While I was away… May 27, 2007
Posted by Fleeced in Blogging, Environment, Politics.trackback
I’ve been busy this last week, and will probably be busy this week coming too, but I’ll make an effort to keep blogging. I’ve only been gone a couple days, but there are lots of things in the blogosphere worth drawing people’s attention to. In no specific order, here are some of them:
Breastfeed Your Way Out of Sexist Oppression. Jules Crittenden stumbles on an astonishing Islamic ruling:
The head of the Hadith Department in Al-Azhar University, Dr. Izzat Atiyya, recently issued a controversial fatwa dealing with breastfeeding of adults. The fatwa stated that a woman who is required to work in private with a man not of her immediate family – a situation that is forbidden by Islamic law – can resolve the problem by breastfeeding the man, which, according to shari’a, turns him into a member of her immediate family.

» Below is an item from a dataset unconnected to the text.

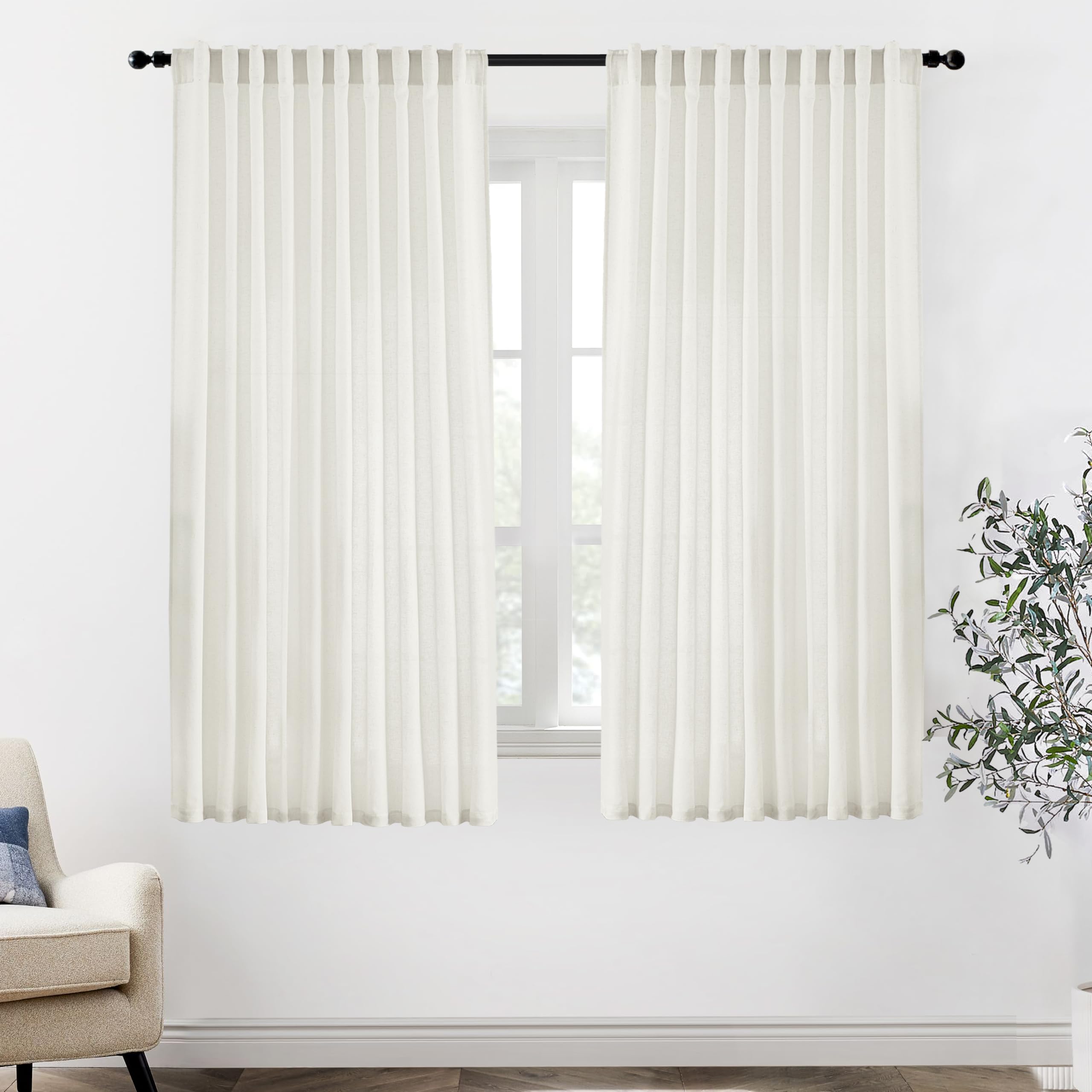 XTMYI 90 Inches Long Sheer Linen Curtains 2 Panels Set,Hook Tape Back Tab Semi Sheer Cotton Blend Fabric Modern Cottage Core Cottagecore Curtain Drapes for Living Room Bedroom,50x90 in Length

The ALS Blog runs a poll on the “best Australian solo libertarian blogger“. Go on, Vote Fleeced… you know you want to. Other candidates include Pommygranate, Chris Berg, Bovination, Andrew Norton, Raving Wingnut, Daily Constitutional, Real World Libertarian, Jennifer Marohasy, Double Think, Yobbo, Institutional Economics, Graeme Bird and Whacking Day… but forget them and vote for Fleeced.
Chicks Get Midgets. Tim Blair discovers the secret motivation of female suicide bombers.
Pommygranate runs through the numbers, to find 47% of UK Voters effectively work for the State, and in another post, reveals that in the UK, stealing is economically rational.
Rudd’s Wife Gets Caught Out. Naturally, double standards apply.
Tim Flannery displays his economic cluelessness, and elsewhere, suggests skeptics might one day be punished for their doubt:
“We will all be punished for the success of the greenhouse mafia… Perhaps the day will come when a prosecutor in some yet-to-be-formed international court will appear with a copy of Scorcher under his arm.”
In yet more news on the irrationality of environmental economics, a farmer gets paid a million dollars to not clear his land for 120 years.
Negotiations are under way for a sequel to An Inconvenient Truth… possibly in time for the 2008 presidential election (not inconvenient for some!)
Speaking of environmental zealots, millions have died, and many more have suffered, because of the effects of malaria. DDT could be a lifesaver if we allowed it.